■ EXERCISE INPUT ■
....

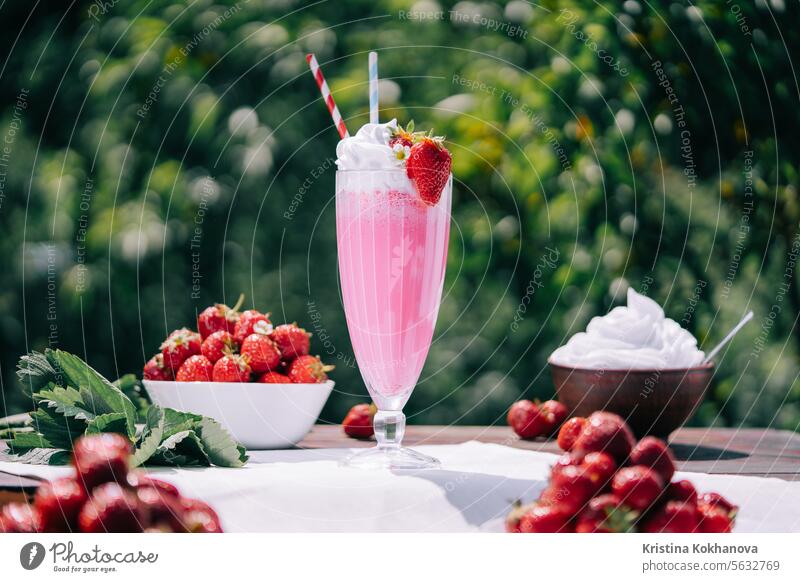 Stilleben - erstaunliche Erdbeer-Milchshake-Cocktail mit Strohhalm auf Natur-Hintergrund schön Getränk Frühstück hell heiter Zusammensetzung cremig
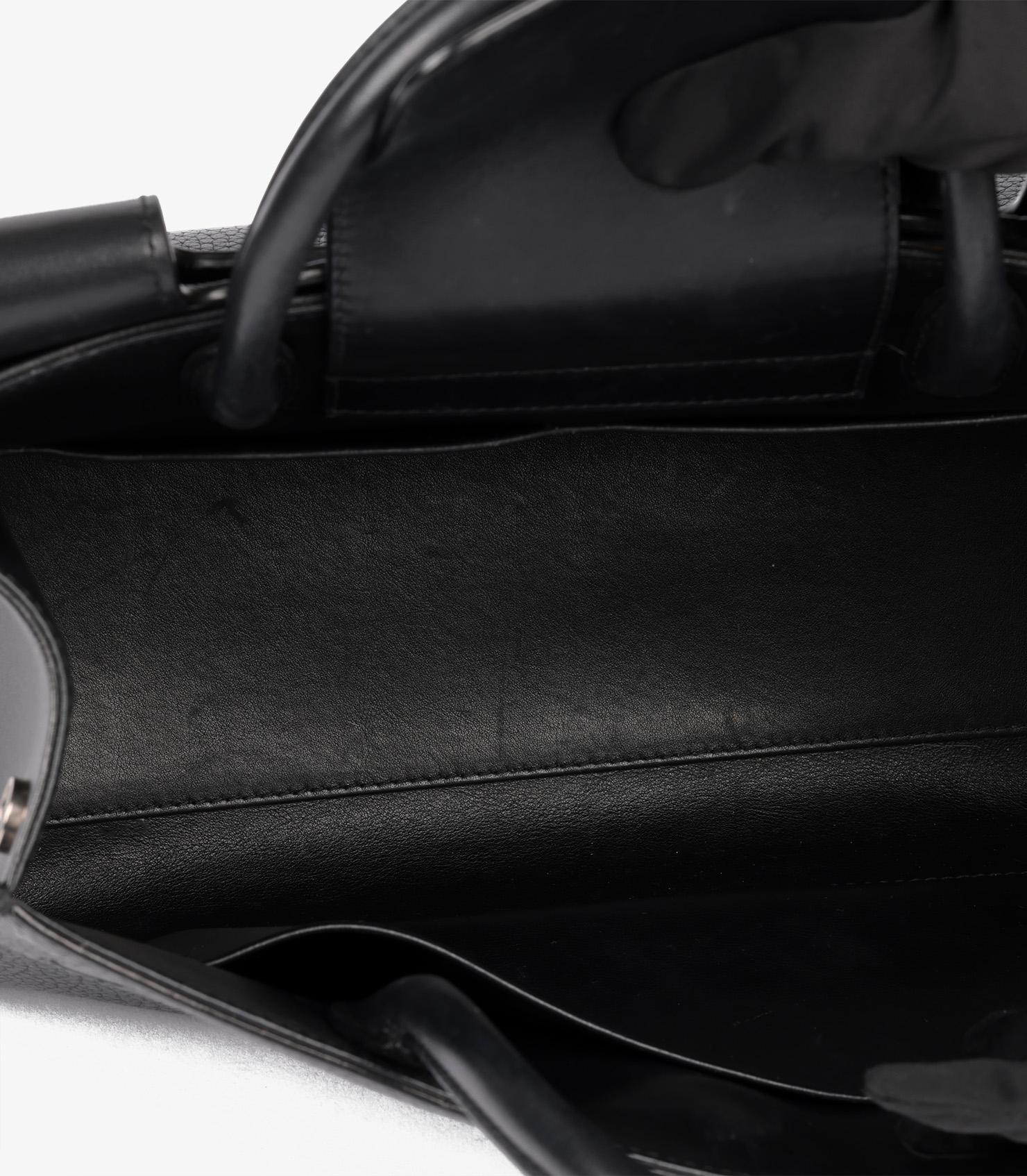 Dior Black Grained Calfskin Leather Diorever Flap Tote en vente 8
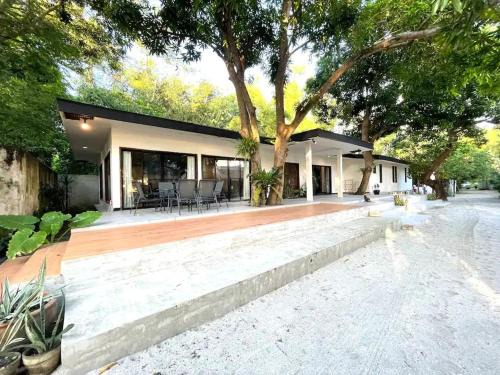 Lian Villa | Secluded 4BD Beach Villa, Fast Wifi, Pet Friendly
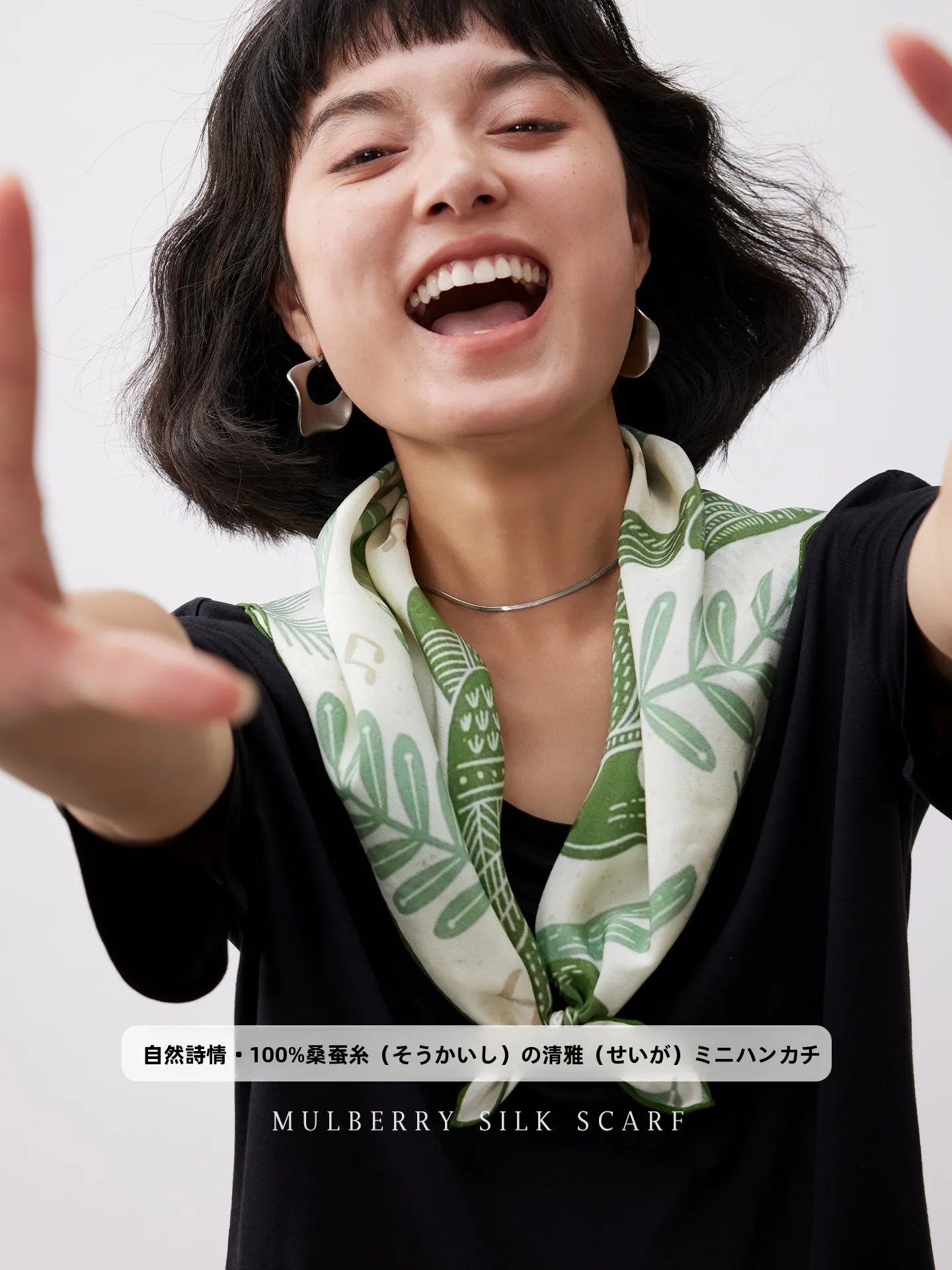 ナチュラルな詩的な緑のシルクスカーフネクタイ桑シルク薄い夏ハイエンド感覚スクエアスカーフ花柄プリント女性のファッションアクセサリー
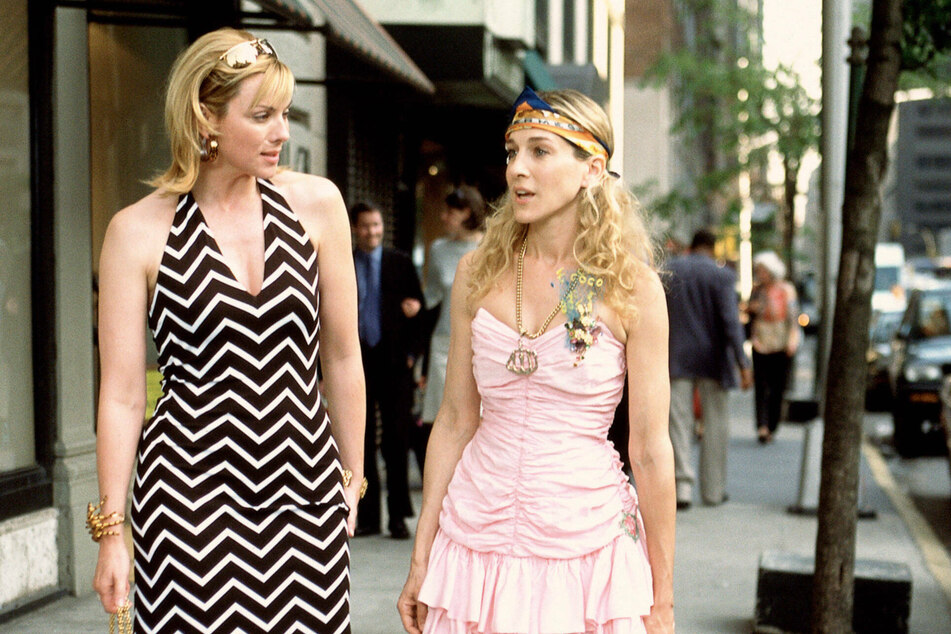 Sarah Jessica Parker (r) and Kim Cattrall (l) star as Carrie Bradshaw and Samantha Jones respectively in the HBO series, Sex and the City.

....

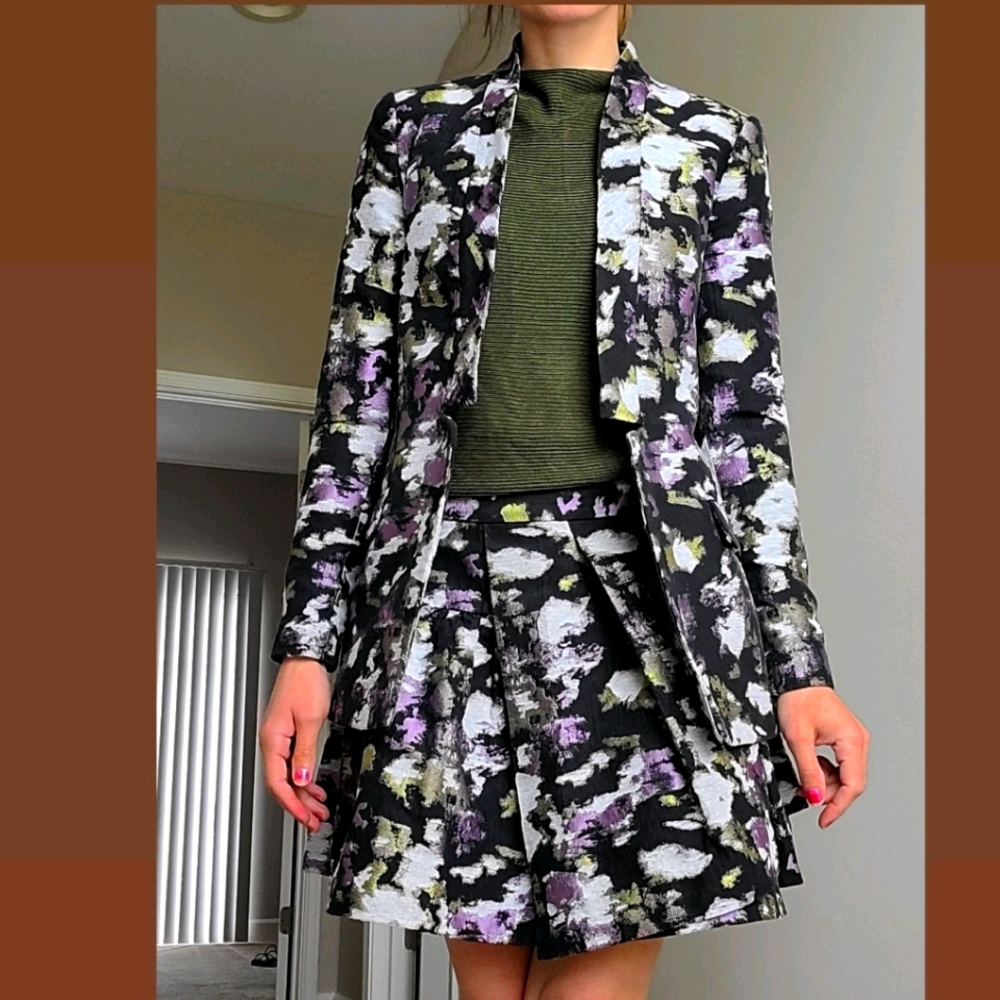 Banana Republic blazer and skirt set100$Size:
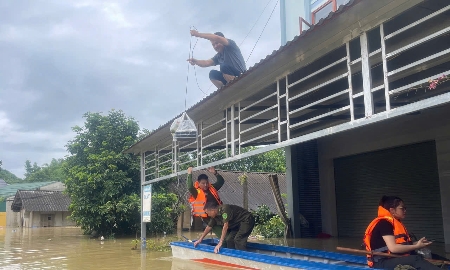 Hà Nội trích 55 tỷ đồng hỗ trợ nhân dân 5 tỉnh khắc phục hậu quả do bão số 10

....

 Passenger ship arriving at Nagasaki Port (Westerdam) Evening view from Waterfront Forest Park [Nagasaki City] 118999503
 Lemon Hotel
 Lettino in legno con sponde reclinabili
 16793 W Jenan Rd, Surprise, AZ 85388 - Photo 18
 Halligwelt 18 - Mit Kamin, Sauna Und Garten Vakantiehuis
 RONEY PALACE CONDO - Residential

....

■ YOUR INSTRUCTIONS ■
Above are the records; copy from them only the lines starting at the one containing "Banana Republic blazer" and ending at the one containing "Hà Nội trích", exactly and without pictures.

■ TASK RESULT ■
 Banana Republic blazer and skirt set100$Size:
 Hà Nội trích 55 tỷ đồng hỗ trợ nhân dân 5 tỉnh khắc phục hậu quả do bão số 10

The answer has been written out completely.